We evaluate the labeling accuracy by comparing the physician’s manual labels with the automatically generated atlas labels on 10 patients. Figure 7 compares the manual and auto-generated labels in one demo case for qualitative evaluation. Note that the order of the labels in these two lists is not the same. This labeling result is from the same patient data demonstrated in the Section 3.A. We can find that these auto-generated labels are in consistence with the manual labels in a similar fashion. The quantitative evaluation regarding the accuracy of the BMs labels in these 10 patient data are listed in the Table III. A case will be considered as correct if not only the BMs get assigned with a label, but also the label can accurately reflect the location of the BMs.

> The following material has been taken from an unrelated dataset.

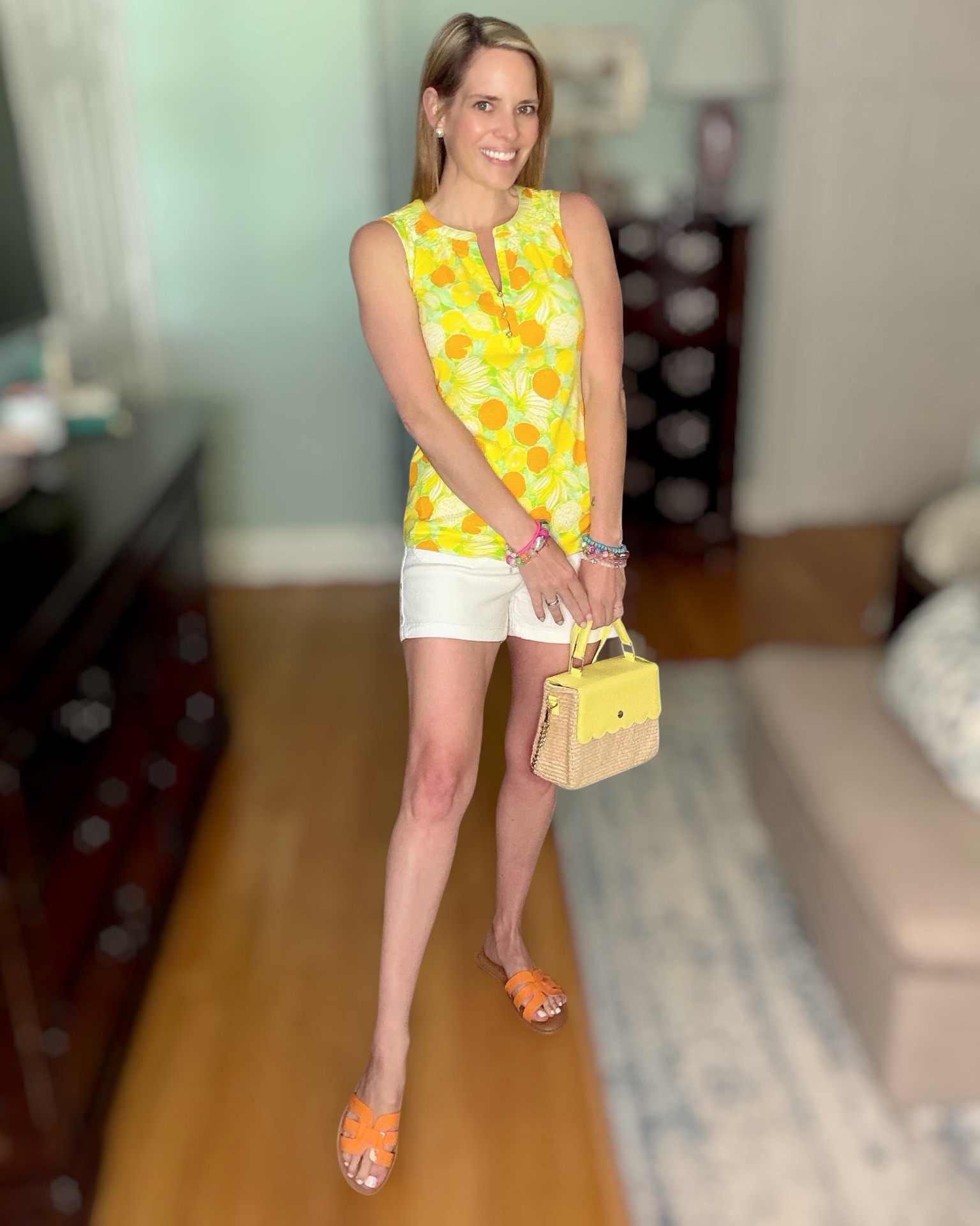 🍋 Citrus Summer Style 🍋

Bright, cheerful, and ready for sunshine! This citrus-print Essie knit top brings all the summer vibes with its vibrant lemon and orange pattern, paired with crisp white shorts for a fresh, polished look. Finished with colorful beaded bracelets, fun orange sandals, and the sweetest woven handbag for a playful pop of color. ☀️🧡🍊

This outfit is perfect for summer vacations, brunch dates, farmers markets, coastal getaways, and everyday warm-weather adventures. Lightweight, colorful, and effortlessly preppy!

summer outfit ideas, citrus print top, colorful preppy style, lemon print fashion, orange print top, white shorts outfit, resort wear inspiration, vacation style, bright summer outfit, woven handbag, colorful accessories, casual chic outfit, classic summer fashion, women’s summer trends, vacation ready look 🍋✨🌴🧡

#LTKOver40 #LTKPetite #LTKootd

For example, though the BMs labeled as ‘right_frontal_6’ in the platform (red box in [Fig. 7(a)]) was named as ‘R lat motor strip’ by physician (red box in [Fig. 7(b)]), we still consider this case as correct since the motor strip is located at the frontal lobe.

FIG. 7. — A comparison of (a) the manual atlas labels and (b) the auto atlas labels.

TABLE III.

Quantitative evaluation of the labeling accuracy.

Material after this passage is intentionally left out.